If something else has free access to the object through a pointer, then either: encapsulation has not been secured somewhere -- and that part of the design needs addressing. Or whatever else owns that pointer is behaving faultily -- and that's a failure of its class invariant checking. Either way, the cautionary code should be local, not spread across all other code in the program. It's part of the modularisation.
And it is worth noting that const methods (queries) don't need any invariant checks, which would reduce checking by maybe half. (And const classes don't need any.)
> In the proposal, as in your examples, invariants are > checked before and after calls to (public and protected) > member functions, as well as at the end of the > constructor, and beginning of the destructor. >
Why would you want to check invariants at the beginning of the destructor. What could you do about it at that stage? You cant throw an exception.

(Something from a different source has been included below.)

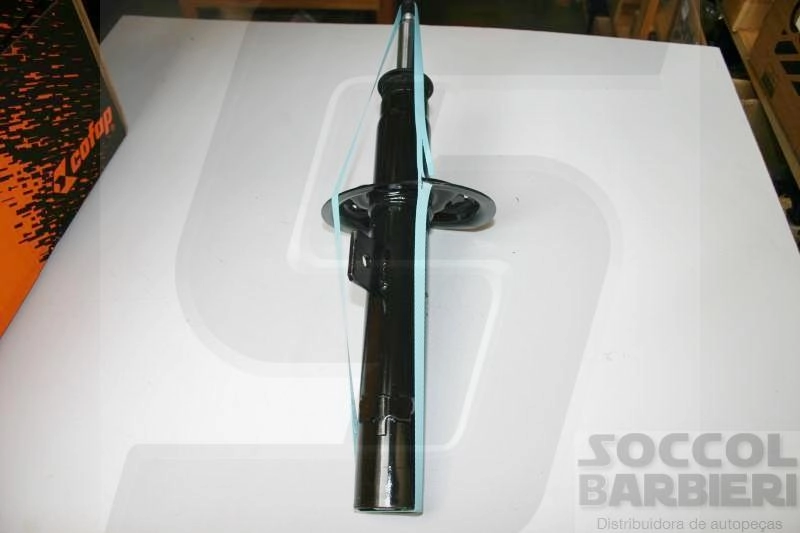 AMORTECEDOR DIANTEIRO PEUGEOT 207 08/14 LADO ESQUERDO - TODOS MODELOS HATCH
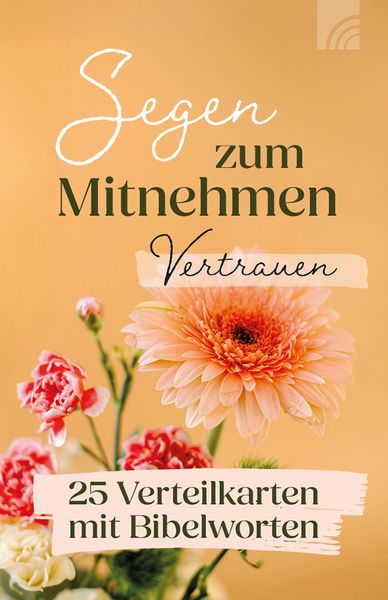 Produktbild: Vertrauen - Segen zum Mitnehmen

Similarly I dont understand why Christopher's Wrapper class does invariant checking in its destructor. See kinda dangerous
> > In the proposal, as in your examples, invariants are > > checked before and after calls to (public and > protected) > > member functions, as well as at the end of the > > constructor, and beginning of the destructor. > > > > Why would you want to check invariants at the beginning of > the destructor. What could you do about it at that stage? > You cant throw an exception.
Well, you can abort (which amounts to the same thing, at that point :) ). After all, contracts are quite like asserts are used today, meaning that a broken contract is a bug (and they might be disabled in release builds, for efficiency), so they shouldn't test anything that may fail in a correct program.
> Why would you want to check invariants at the beginning of > the destructor. What could you do about it at that stage? > You cant throw an exception.
It indicates a design error which needs to be corrected.
> Similarly I dont understand why Christopher's Wrapper > class does invariant checking in its destructor. See kinda > dangerous
It is, I believe, a mistake to check the invariant upon leaving the destructor.
>I agree with Mr Lybbert, point (1): it's only necessary to >check invariants after the method has changed something.
So do I. That is because I see the invariant as a way of convincing myself that _this_ particular class is well behaved. After all, some other thread might be actively destroying my data while I am somewhere in the middle of a method call. The invariant tells me if I did something in this particular method that broke it.